Fedora Admin Client Batch Utility

Software Release 1.1

Fedora Development Team

$Id: batchclient.dbx,v 1.13 2003/07/23 17:33:28 rag9b Exp $


Table of Contents

Introduction
Building Fedora objects in batch
Ingesting Fedora objects in batch
Building and ingesting Fedora objects in batch
Object Processing Map
object-specifics

Introduction

The fedora-admin client utility includes tools to create and ingest multiple Fedora objects, which are Fedora-specific METS XML documents contained in files outside the repository.

It's simple to ingest objects created by one-up edit or by custom scripting.

fedora-admin also supports building objects. This takes a general template common to all objects in a batch and makes object-specific substitutions into the template. It also substitutes a common datetime stamp for all date attributes. The template is a Fedora METS XML document, with data common to the objects of the batch. Separate XML documents hold the per-object substitution values.

The relatedness of objects in a batch is defined by what fedora-admin allows to be substituted and by which substitutions you choose to make. Data from the template are retained, unless replaced per individual object, including XML comments.

fedora-admin provides for three modes of object batch processing: batch build, batch ingest, and a combined batch build and ingest.

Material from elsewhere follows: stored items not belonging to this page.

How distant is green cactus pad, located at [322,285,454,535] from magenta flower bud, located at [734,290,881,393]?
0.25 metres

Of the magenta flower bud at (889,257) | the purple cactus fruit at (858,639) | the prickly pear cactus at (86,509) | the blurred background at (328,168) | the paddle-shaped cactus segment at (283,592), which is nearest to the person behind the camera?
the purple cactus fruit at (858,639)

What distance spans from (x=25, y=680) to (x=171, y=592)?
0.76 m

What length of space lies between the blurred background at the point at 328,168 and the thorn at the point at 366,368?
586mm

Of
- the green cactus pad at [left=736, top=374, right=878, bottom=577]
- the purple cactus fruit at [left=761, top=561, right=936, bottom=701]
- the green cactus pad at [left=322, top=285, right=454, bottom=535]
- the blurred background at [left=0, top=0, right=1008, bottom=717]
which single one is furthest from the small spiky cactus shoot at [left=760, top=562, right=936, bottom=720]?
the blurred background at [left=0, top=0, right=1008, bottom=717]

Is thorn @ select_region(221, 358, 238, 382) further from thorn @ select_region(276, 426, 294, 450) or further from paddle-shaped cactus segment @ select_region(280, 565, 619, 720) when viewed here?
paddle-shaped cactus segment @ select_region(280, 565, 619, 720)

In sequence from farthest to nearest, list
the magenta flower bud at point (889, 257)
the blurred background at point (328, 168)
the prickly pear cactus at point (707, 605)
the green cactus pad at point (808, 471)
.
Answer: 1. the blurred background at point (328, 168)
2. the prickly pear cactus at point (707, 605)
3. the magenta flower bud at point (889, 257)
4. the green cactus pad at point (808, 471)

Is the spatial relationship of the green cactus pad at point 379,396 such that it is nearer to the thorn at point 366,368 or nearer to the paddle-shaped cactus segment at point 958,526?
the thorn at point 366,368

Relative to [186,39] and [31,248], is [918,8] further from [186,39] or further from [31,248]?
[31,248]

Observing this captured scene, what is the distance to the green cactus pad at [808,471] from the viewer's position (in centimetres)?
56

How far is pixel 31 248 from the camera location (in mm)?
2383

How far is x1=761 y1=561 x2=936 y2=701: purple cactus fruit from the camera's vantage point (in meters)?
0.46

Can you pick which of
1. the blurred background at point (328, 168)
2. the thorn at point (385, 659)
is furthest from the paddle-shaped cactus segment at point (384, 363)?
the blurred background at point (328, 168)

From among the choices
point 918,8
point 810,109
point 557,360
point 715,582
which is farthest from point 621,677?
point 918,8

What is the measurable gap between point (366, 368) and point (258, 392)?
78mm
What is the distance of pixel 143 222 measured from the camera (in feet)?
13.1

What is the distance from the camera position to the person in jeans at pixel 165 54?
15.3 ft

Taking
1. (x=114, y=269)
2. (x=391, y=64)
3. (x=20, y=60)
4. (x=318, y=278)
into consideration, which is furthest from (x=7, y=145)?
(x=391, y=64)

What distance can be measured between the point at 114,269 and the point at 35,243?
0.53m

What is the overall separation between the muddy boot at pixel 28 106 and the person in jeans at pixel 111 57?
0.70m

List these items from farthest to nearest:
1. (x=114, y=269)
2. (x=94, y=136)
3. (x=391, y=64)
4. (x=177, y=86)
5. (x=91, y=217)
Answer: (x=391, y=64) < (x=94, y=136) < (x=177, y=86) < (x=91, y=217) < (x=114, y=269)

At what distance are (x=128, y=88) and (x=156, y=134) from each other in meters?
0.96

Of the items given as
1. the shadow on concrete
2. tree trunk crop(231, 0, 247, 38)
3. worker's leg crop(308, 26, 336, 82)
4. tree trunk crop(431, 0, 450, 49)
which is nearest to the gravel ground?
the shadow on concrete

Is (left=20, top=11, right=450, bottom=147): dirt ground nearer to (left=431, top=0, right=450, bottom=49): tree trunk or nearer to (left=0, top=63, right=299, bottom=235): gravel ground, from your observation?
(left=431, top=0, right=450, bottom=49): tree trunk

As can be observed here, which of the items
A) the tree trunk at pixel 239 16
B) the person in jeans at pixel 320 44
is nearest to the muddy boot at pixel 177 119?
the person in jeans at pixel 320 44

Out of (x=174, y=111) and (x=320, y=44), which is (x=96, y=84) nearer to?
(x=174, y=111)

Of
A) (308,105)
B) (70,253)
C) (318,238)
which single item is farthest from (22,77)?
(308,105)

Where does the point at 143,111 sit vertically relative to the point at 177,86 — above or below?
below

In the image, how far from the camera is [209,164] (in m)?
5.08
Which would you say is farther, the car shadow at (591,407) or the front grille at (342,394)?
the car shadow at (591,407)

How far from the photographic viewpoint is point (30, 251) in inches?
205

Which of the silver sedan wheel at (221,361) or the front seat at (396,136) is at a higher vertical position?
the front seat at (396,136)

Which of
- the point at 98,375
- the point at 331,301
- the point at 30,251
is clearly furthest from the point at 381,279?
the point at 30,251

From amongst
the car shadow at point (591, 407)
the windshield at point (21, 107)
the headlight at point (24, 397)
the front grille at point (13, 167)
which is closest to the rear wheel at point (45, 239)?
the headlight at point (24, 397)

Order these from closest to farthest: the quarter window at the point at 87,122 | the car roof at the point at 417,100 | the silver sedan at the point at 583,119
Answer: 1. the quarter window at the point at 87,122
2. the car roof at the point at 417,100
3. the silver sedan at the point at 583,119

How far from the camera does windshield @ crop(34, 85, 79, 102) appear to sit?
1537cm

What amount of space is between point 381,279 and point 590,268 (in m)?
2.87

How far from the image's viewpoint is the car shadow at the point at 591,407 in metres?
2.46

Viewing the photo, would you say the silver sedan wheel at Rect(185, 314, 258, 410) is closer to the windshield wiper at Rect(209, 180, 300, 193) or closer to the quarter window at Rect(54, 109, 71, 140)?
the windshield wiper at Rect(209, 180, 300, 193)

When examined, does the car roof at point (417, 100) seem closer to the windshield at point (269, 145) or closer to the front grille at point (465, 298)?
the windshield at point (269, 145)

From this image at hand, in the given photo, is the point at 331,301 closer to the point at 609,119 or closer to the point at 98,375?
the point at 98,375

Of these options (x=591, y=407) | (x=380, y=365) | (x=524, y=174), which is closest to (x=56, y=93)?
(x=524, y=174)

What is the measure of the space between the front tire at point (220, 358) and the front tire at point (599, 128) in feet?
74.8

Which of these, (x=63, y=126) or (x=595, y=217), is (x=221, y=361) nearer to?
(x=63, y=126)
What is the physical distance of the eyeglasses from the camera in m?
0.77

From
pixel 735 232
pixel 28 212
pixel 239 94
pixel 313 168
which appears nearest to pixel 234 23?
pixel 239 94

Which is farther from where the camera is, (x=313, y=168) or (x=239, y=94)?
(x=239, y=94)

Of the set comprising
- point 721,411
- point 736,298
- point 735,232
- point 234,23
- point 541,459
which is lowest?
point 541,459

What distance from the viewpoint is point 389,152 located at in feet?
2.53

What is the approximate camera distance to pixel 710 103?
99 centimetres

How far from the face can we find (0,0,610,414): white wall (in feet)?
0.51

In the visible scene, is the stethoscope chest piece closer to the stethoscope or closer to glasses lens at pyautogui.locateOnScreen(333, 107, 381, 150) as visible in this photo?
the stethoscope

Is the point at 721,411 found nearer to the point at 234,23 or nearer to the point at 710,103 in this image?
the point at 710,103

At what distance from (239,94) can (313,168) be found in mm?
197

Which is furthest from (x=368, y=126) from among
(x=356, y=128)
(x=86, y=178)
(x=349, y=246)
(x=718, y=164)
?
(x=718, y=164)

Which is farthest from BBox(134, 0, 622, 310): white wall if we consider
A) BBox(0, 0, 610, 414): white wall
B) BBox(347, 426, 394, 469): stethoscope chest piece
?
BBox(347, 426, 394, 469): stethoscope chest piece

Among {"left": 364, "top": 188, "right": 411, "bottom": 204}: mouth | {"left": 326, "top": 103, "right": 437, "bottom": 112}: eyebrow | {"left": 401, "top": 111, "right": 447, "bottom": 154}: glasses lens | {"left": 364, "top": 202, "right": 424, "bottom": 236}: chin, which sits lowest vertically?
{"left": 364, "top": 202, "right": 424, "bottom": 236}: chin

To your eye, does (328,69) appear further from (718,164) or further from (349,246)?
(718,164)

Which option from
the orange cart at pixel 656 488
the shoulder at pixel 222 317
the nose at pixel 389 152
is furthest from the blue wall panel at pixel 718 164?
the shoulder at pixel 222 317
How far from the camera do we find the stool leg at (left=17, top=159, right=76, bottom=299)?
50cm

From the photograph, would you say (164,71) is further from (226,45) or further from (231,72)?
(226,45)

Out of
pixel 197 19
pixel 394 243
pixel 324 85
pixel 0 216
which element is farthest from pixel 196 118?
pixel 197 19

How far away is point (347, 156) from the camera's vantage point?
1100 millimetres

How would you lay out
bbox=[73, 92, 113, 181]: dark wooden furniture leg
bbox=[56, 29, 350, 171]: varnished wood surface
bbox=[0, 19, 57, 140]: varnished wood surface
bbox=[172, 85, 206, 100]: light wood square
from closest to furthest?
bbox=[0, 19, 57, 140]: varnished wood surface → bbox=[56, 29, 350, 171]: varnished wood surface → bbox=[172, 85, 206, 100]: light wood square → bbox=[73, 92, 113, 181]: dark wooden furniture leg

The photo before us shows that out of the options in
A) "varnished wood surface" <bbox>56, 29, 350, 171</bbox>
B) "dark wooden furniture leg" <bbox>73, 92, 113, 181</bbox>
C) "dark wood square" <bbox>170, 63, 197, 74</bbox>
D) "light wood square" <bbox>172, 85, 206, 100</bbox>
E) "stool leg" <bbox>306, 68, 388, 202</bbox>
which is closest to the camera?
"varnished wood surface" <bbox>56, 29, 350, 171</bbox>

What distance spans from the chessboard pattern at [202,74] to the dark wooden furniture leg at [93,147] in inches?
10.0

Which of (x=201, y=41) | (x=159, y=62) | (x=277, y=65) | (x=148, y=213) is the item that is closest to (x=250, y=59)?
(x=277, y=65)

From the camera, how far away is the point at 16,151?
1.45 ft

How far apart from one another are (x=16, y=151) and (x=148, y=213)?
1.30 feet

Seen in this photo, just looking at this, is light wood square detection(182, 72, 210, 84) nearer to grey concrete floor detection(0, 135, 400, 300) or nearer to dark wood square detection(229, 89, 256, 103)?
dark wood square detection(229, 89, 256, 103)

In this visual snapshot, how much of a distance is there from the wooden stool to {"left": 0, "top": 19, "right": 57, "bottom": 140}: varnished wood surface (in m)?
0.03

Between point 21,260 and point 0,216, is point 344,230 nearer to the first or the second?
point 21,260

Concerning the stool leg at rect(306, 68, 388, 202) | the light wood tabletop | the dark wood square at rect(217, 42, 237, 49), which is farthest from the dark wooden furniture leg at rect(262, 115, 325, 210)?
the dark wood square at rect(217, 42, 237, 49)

This phased processing is shown in the following diagram.

Building Fedora objects in batch

Build a set of Fedora METS XML files from a common Fedora METS template and simple (non-METS) XML object-specs. The resulting objects are then ready for ingesting into Fedora.

fedora-admin instructions

Select Tools on the fedora-admin menu bar, and select item Build Batch.

This will open a Batch Build window. You may need to adjust this window’s size to see its controls. Use the browse buttons to enter the four required settings. Clicking on a browse button opens a standard directory/file selection dialog.

Then click the Build this batch button to build the batch of Fedora METS XML documents.

A second (output-only) window will open to show progress. You can build multiple different batches before closing the Batch Build window.

You can then ingest the created batch as described elsewhere in this document.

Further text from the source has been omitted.